An author-driven identification system

by Thomas Krichel
on behalf of the Open Library Society

version of 2007–07–14

This proposal is a response to the “request for proposals: innovative uses of CrossRef metadata” as circulated by Amy Brand to the LibLicence Mailing list on 2007–06–13.

The proposal is structured as follows:

Sections 1 to 3 are the key sections. In section 1, we summarize the project. In section 2, we describe the motivation behind its creation and long-term vision and goals. In section 3, we make some suggestions for project management but we remain open to new ideas and approaches.

Sections 4 to 8 are essentially background reading aimed at those who want to know more details. Section 4 gives historical background. Section 5 introduces the ACIS software we use. Section 6 discusses project extensions that are already implemented in ACIS. Section 7 provides links to other works by Thomas Krichel. Section 8 discusses legal issues. Section 9 concludes with final remarks.

We are grateful for comments by Joanna P. Davies, William L. Goffe and David Goodman and John J. Regazzi.

1. Summary

We wish to use the CrossRef data to build an author registration service for academic authors. The service collects data from authors about themselves and their relationship to items described in the CrossRef metadata. The service provides an identifier for each author, along with author-verified affiliation and publication information.

When authors register with the service, they perform two steps. First, they furnish the service with personal information such as name, affiliation, personal web page, and an email address. Second, authors search the CrossRef metadata for records describing documents they have authored. When they find such documents, they inform the service. As a result, the service creates author profiles that link the authors' information with their publications across all platforms. To illustrate, here is a rough example of an author record:

`Name:`	`Thomas Krichel`
`Homepage:`	`http://openlib.org/home/krichel`
`Affiliation:`	`Long Island University`
`Email:`	`krichel@openlib.org`
`Author:`	`doi:10.1016/j.ipm.2006.09.017`
`Author:`	`doi:10.1016/0165-1765(92)90226-O`
`Handle:`	`1965-06-05_thomas_krichel`

2. Motivation

Author names are a notoriously difficult field of authority control. Although bibliographic data contain author names, a name does not necessarily identify an author uniquely. A number of factors contribute to the variety of ways author names appear in standard bibliographic data. Several authors may share the same name, a name can be written in various forms and the use of initials, accents or capitalizations may be inconsistent. Additional problems are introduced by the transliterations from non-Roman to Roman alphabets.

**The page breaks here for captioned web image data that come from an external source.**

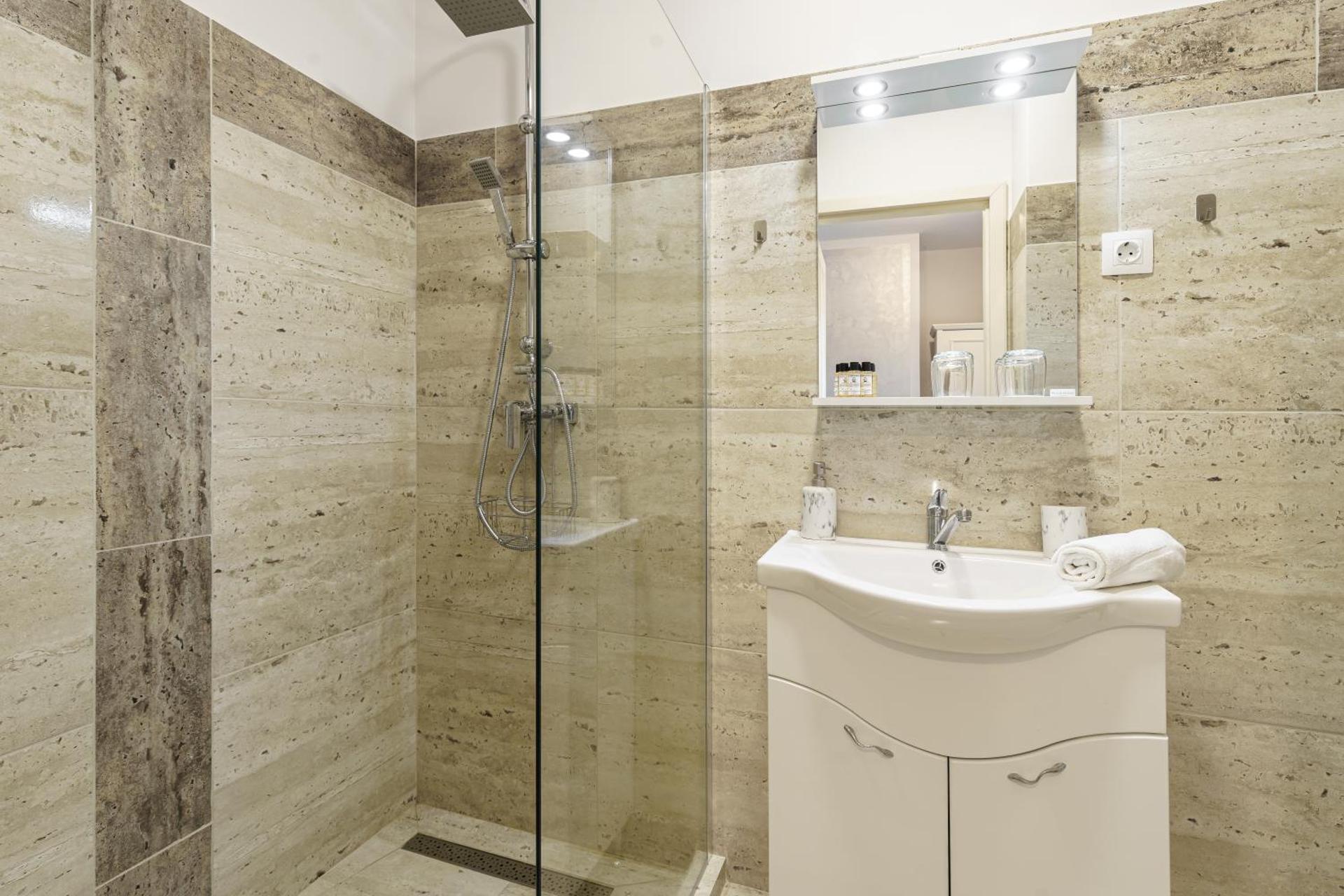 Airport Wanderer Inn - Vándor fogadó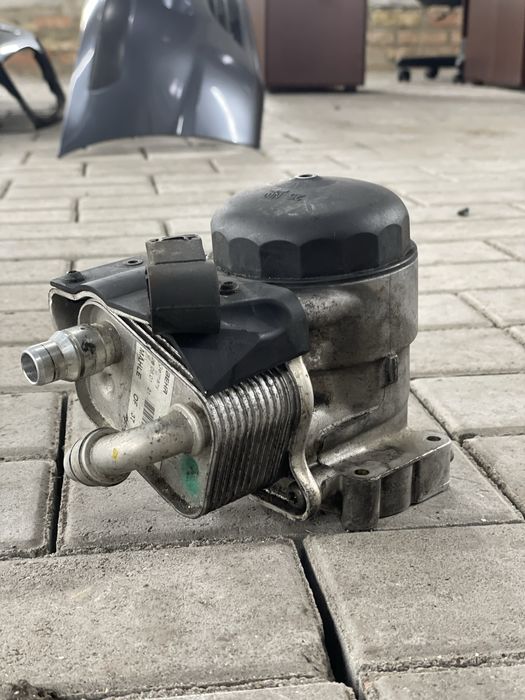 Корпус масляного фільтра BMW e46 n42 n46 маслостакан теплообменник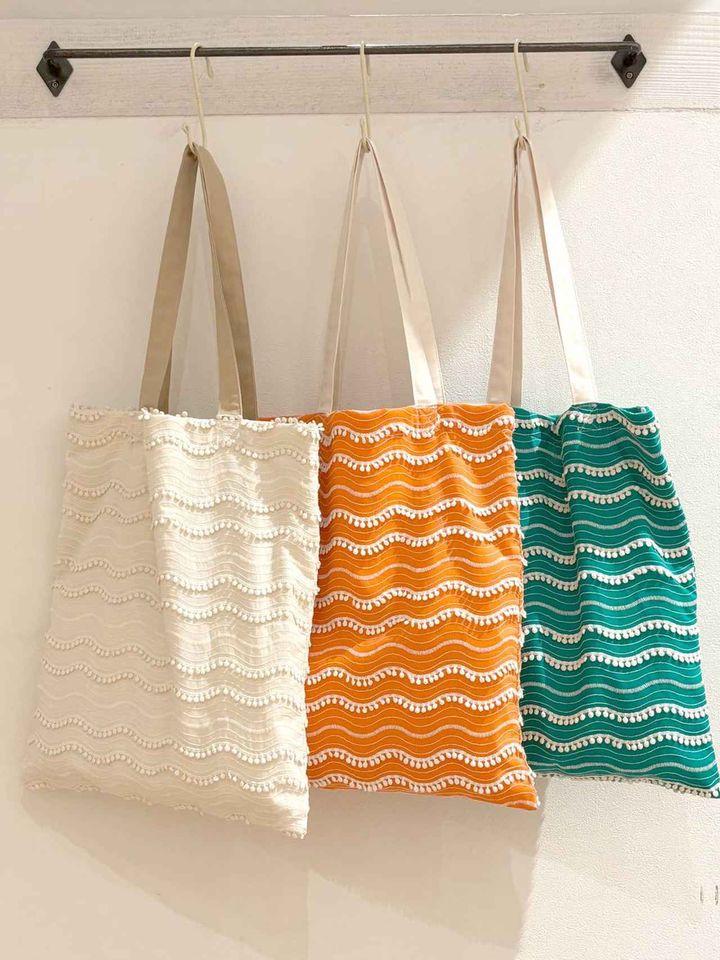 画像2: 出典：.st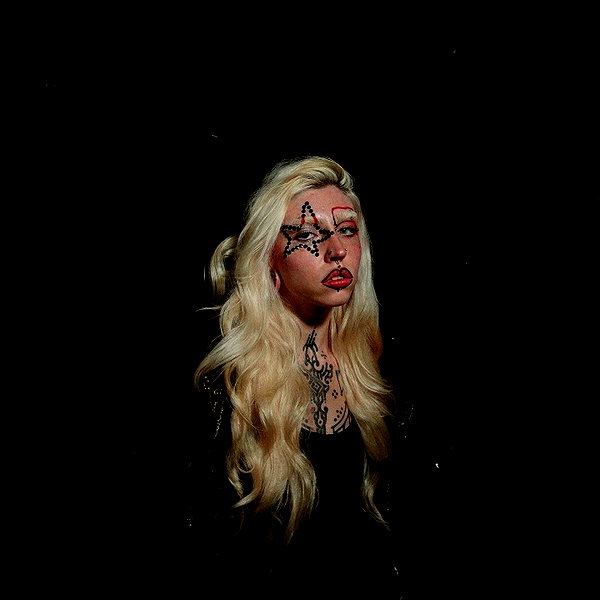 Archived image from @noyrll on Instagram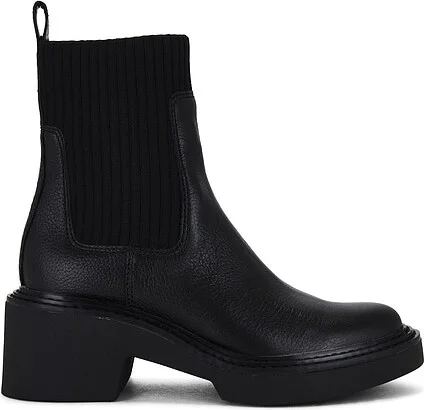 Hilora H20 Boot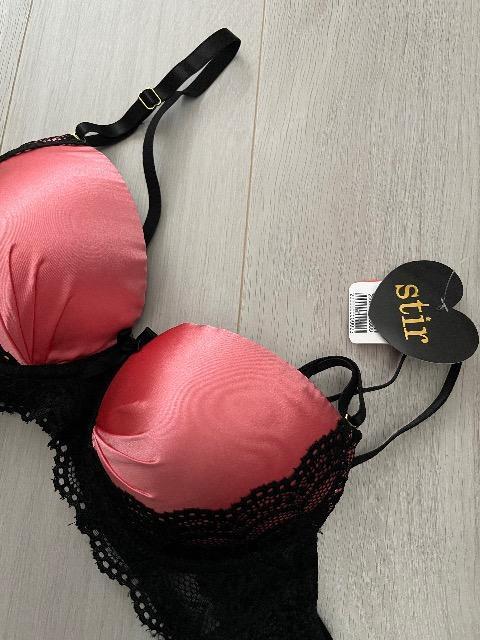 �s���N�u�� 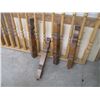 Image 3 : Wood item spindles +railing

In an academic environment that has become increasingly influenced by metric-based evaluation of academic performance and institutional impact, publishers can create value by providing author identification. To add value to their services publishers and vendors could make individual efforts to provide author identification tools. However, these attempts will result in fragmented sets of authorship data.

It is desirable to use automated methods, such as those discussed at the CrossRef author id meeting to alleviate author identification problems. But with current and foreseeable technology, we cannot rely on computer recognition alone to identify authors. Only a human will be able to tell who, say, José Manuel Barrueco Cruz is. Therefore it is best to get authors themselves involved in identifying their own works. As they do this, they may also give us other useful information, such as affiliation data and homepage URLs. They could organize their citations, give us information about how different documents relate to each other etc.

In other words, we think that author identification is a matter for authors. The academic community has an important role in ensuring that the author records are correct. Publishers and academic employers help the process by making extensive use of author identification records.

To maximize incentives for authors to participate in this system, the personal records created by the system have to be widely disseminated. Therefore access to these records should be free. For privacy, the email addresses need to be protected.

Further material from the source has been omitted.